» ASSIGNED TASK: Beginning with the line below that contains "Premium Designer Round" and ending with the line that contains "Pulsar Life LFE925", copy every line exactly. Copy nothing else.

» THE RECORDS:
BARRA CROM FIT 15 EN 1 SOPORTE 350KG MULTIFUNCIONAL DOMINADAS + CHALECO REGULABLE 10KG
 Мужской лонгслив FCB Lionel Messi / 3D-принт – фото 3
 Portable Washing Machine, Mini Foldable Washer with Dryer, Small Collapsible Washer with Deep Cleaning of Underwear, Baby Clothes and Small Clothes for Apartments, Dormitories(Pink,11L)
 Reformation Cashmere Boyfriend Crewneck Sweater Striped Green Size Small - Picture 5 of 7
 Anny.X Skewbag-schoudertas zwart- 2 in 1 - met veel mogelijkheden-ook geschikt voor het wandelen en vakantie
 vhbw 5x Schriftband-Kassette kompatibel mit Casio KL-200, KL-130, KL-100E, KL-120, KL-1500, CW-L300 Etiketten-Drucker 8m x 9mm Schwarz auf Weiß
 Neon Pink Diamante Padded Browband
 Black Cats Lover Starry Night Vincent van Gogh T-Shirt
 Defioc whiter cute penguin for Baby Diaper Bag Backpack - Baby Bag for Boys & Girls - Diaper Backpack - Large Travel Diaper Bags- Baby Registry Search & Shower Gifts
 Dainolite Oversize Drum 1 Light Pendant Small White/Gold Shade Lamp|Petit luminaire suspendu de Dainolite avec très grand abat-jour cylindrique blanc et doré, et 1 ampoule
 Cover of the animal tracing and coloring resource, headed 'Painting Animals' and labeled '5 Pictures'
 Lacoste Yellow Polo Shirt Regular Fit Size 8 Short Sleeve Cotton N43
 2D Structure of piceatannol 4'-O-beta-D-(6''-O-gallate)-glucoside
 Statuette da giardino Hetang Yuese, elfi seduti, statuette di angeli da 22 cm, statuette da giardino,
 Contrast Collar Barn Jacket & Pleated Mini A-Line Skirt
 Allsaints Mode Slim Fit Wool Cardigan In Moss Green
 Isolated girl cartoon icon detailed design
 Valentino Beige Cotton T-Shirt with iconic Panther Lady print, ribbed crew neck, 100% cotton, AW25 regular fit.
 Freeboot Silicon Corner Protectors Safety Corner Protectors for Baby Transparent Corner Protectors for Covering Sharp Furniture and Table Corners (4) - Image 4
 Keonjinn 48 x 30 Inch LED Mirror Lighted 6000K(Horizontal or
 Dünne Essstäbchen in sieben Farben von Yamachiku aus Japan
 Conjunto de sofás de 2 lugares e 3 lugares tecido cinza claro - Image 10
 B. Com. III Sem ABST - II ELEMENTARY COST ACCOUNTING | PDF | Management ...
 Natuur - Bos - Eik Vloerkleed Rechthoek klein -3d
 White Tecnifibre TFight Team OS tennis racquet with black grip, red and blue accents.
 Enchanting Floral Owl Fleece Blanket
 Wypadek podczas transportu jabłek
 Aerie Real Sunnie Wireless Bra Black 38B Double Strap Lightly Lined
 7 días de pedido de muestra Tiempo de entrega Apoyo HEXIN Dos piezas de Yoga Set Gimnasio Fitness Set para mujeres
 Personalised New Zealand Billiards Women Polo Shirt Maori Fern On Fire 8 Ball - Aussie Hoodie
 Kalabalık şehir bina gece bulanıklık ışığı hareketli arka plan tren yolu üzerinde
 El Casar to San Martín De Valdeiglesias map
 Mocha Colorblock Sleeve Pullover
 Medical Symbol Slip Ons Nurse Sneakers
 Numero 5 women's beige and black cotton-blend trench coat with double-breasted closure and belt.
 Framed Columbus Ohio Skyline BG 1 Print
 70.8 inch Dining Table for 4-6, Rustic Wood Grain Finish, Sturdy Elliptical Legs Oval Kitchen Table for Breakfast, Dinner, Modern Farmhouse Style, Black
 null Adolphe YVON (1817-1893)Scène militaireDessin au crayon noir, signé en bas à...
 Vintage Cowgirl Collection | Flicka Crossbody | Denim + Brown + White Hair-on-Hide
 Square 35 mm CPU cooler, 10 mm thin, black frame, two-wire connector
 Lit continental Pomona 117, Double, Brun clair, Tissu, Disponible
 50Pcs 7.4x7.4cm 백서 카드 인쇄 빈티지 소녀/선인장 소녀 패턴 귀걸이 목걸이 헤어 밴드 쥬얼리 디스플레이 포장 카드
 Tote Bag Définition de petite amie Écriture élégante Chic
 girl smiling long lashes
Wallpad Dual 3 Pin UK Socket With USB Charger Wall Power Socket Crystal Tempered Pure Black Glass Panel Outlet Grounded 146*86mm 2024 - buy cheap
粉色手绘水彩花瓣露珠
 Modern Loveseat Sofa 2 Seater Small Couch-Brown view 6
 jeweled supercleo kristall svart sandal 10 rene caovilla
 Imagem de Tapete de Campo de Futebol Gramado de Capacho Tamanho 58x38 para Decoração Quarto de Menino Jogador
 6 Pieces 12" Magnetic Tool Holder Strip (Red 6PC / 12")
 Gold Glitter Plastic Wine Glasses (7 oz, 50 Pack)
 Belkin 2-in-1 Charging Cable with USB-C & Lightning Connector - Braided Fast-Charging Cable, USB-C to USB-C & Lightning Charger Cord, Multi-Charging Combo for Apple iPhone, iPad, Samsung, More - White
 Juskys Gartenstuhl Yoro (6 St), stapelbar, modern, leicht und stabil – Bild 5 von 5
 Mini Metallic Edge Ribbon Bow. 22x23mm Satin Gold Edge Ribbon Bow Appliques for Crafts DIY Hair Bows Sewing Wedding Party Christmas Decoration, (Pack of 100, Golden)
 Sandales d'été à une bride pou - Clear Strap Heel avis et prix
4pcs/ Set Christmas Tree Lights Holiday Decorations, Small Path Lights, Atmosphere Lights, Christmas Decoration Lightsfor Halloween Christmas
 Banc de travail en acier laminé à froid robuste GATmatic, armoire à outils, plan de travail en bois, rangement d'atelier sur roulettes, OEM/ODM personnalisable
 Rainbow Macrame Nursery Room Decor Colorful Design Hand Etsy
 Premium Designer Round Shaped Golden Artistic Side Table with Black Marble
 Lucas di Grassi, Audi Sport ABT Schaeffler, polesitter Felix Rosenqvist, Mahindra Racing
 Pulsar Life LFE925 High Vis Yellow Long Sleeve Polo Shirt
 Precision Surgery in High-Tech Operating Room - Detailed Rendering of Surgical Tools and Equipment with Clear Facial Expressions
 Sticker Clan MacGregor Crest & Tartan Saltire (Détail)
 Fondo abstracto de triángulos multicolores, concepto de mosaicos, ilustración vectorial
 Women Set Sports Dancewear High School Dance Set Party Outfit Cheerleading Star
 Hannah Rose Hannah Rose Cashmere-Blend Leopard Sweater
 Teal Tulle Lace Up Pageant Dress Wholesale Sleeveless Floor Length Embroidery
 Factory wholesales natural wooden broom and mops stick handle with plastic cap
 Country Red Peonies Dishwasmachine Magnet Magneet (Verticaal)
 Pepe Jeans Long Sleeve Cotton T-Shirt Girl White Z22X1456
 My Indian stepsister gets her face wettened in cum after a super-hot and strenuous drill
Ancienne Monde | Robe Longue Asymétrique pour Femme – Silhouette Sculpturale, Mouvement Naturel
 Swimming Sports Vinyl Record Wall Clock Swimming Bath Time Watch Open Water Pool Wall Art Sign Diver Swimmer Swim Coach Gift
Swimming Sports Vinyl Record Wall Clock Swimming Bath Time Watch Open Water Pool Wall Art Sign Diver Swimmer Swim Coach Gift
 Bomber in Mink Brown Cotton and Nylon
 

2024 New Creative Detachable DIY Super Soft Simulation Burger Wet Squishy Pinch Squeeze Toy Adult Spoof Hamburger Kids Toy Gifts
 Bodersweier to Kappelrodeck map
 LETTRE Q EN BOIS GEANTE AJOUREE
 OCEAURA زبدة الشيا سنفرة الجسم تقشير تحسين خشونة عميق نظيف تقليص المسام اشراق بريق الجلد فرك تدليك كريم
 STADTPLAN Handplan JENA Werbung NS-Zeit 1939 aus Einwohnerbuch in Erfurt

» SOLVED PROBLEM:
 Premium Designer Round Shaped Golden Artistic Side Table with Black Marble
 Lucas di Grassi, Audi Sport ABT Schaeffler, polesitter Felix Rosenqvist, Mahindra Racing
 Pulsar Life LFE925 High Vis Yellow Long Sleeve Polo Shirt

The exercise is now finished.